On the left side we can see our weekly sales with their prediction 95% intervals (1,96 std if we assume residuals to be normally distributed). 
On the right side u can see multiplicative errors (in order to ignore level scale), it is negtively skewed and a bit biased, so we can't assume normal distribution of residuals and it seems that we might have some tendecy

In [None]:
figure, axis = plt.subplots(1, 2,figsize=(20, 12))

data=weekly_statistic[weekly_statistic.year < 2015].groupby(['year', 'week']).item_cnt_day.sum().groupby(['week']).agg([np.mean, normal_95_ceil, normal_95_floor])
sns.lineplot(data=data, ax=axis[0])
sns.histplot((weekly_statistic[weekly_statistic.year < 2015].groupby(['year', 'week']).item_cnt_day.sum() - data['mean']) / data['mean'], kde=True, ax=axis[1], stat='probability')

In [None]:
weekly_total_cnt = date_indexed.groupby(date_indexed.index.to_period(freq="W")).item_cnt_day.sum()

plt.figure(figsize=(20, 12))
plt.title('Sales tendency')

weekly_total_cnt.plot(xlabel='Date', ylabel='Weekly items sold')

In [None]:
dataset_income = date_indexed
dataset_income['income'] = date_indexed['item_cnt_day'] * date_indexed['item_price'] 

weekly_statistic_income = pd.DataFrame(dataset_income.groupby(date_indexed.index.to_period("D")).income.sum())
weekly_statistic_income['month'] = weekly_statistic_income.index.month
weekly_statistic_income['day'] = weekly_statistic_income.index.day
weekly_statistic_income['year'] = weekly_statistic_income.index.year
weekly_statistic_income['week'] = weekly_statistic_income.index.week

from calendar import month_name 

month_names = month_name[1:]

figure, axis = plt.subplots(4, 3 ,figsize=(28, 19))



months = {}
for idx, name in enumerate(month_names):
    months[name] = weekly_statistic_income.loc[weekly_statistic_income.month == (idx + 1), ['income', 'day', 'year']]
    sns.lineplot(ax=axis[idx % 4][idx // 4], data=months[name], y='income', x='day', hue='year')
    axis[idx % 4][idx // 4].set_title(f'Weekly sales in - {name}')


In [None]:
figure, axis = plt.subplots(1, 2,figsize=(20, 12))

data=weekly_statistic_income.groupby(['year', 'week']).income.sum().groupby(['week']).agg([np.mean, normal_95_ceil, normal_95_floor])
sns.lineplot(data=data, ax=axis[0])
sns.histplot((weekly_statistic_income.groupby(['year', 'week']).income.sum() - data['mean']) / data['mean'], kde=True, ax=axis[1])

In [None]:
figure, axis = plt.subplots(1, 2,figsize=(20, 12))

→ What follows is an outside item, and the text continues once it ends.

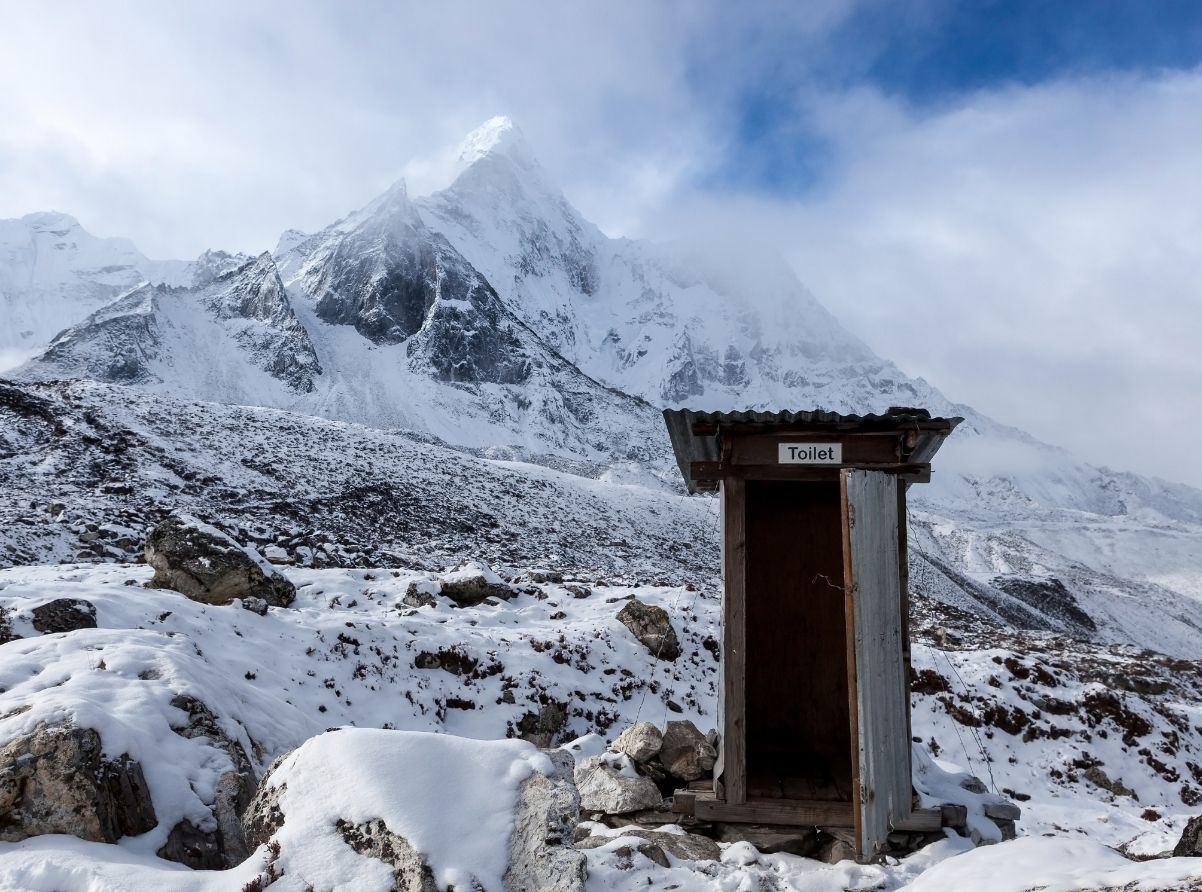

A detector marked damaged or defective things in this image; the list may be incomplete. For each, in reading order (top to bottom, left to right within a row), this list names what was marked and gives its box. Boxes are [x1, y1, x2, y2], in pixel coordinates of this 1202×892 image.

data=weekly_statistic_income[weekly_statistic_income.year < 2015].groupby(['year', 'week']).income.sum().groupby(['week']).agg([np.mean, normal_95_ceil, normal_95_floor])
sns.lineplot(data=data, ax=axis[0])
sns.histplot((weekly_statistic_income[weekly_statistic_income.year < 2015].groupby(['year', 'week']).income.sum() - data['mean']) / data['mean'], kde=True, ax=axis[1], stat='probability')

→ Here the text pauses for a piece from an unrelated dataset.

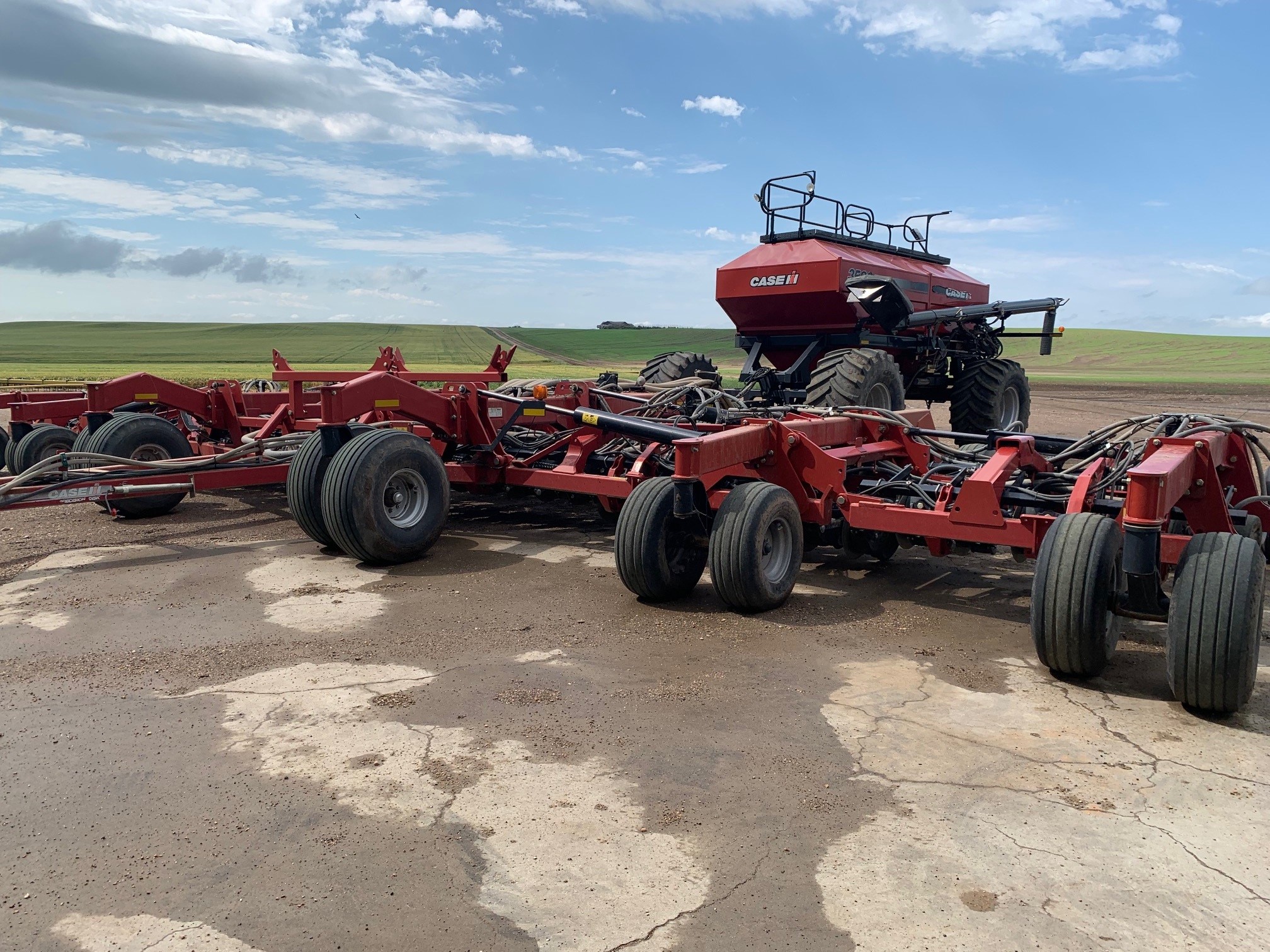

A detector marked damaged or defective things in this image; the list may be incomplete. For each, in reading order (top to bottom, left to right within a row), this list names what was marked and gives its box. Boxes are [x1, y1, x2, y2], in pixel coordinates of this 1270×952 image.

cracked concrete [813, 660, 1270, 949]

This estimation is less skewed but biased as the previous one

In [None]:
weekly_total_sales = dataset_income.groupby(dataset_income.index.to_period(freq='W')).income.sum()

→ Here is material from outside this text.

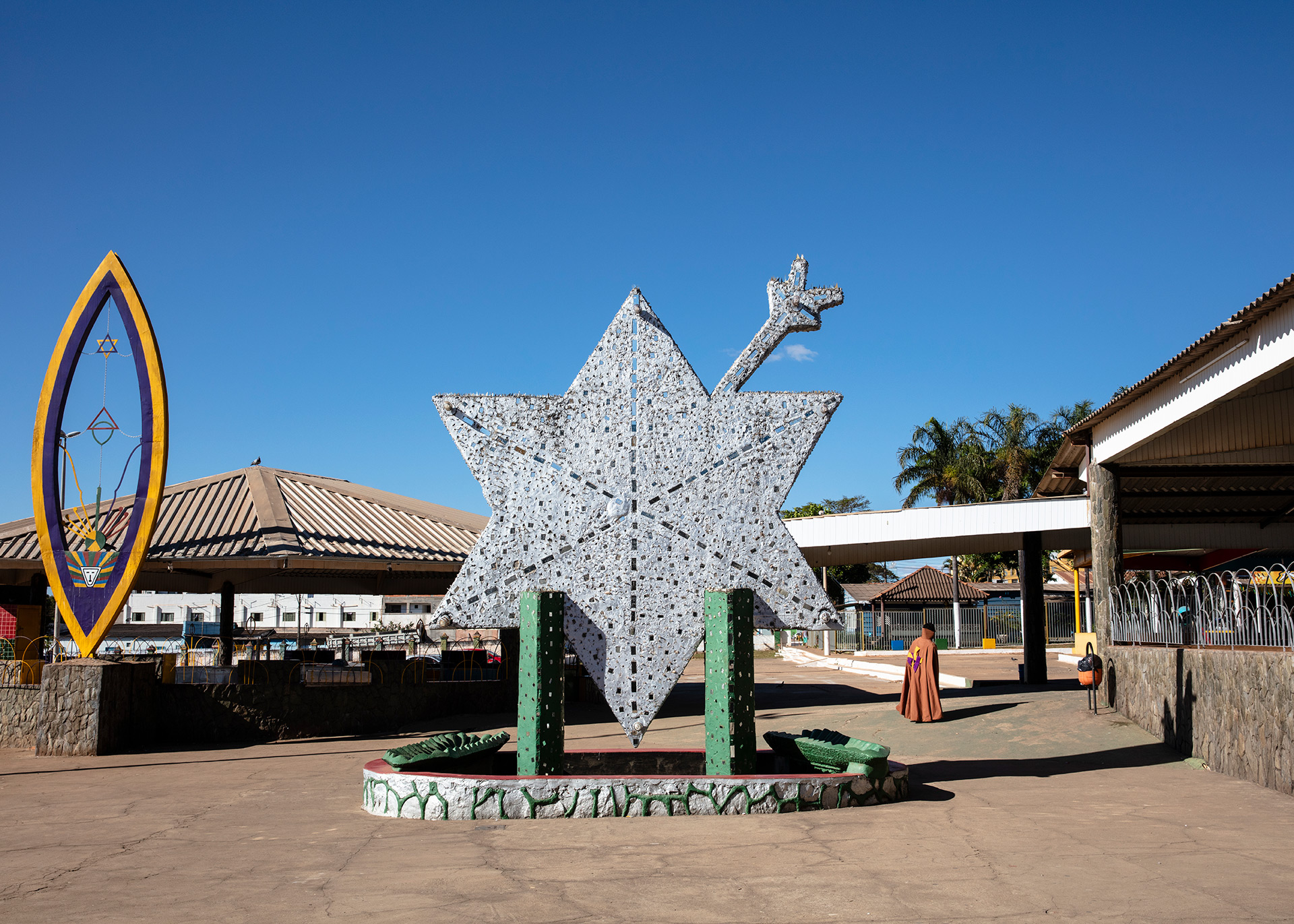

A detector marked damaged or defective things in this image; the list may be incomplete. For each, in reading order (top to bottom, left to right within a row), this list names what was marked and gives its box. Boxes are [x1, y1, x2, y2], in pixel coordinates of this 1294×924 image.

cracked concrete ground [2, 652, 1294, 916]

plt.figure(figsize=(20, 12))
plt.title('Sales tendency')

weekly_total_sales.plot(xlabel='Date', ylabel='Weekly income')

In [None]:
class CrossCategoryAnalyzer:
    def __init__(self, frame, srcs, columns):
        self._frame = frame
        self._categories = columns
        self._srcs = srcs
        
    def relation_matrix(self):
        cat1_values = self._frame.loc[:,self._categories[0]].values
        cat2_values = self._frame.loc[:,self._categories[1]].values
        raw_data = getattr(self._frame.groupby(self._categories[1]), self._categories[0], None).value_counts().map(lambda x: 1 if x != 0 else 0).unstack(-1).fillna(0).transpose().to_numpy()
        return raw_data
    
    def process_hierarchical_cluster(self, is_forward=True):
        from scipy.cluster.hierarchy import linkage
        
        linked = linkage(self.relation_matrix() if is_forward else self.relation_matrix().transpose(), metric='cosine', method='complete')
        
        return linked
    
    def show_clusters(self, is_forward=True):
        from scipy.cluster.hierarchy import dendrogram
        
        label_list = [el for el, _ in self._srcs[not is_forward]._categories]
        linked = self.process_hierarchical_cluster(is_forward)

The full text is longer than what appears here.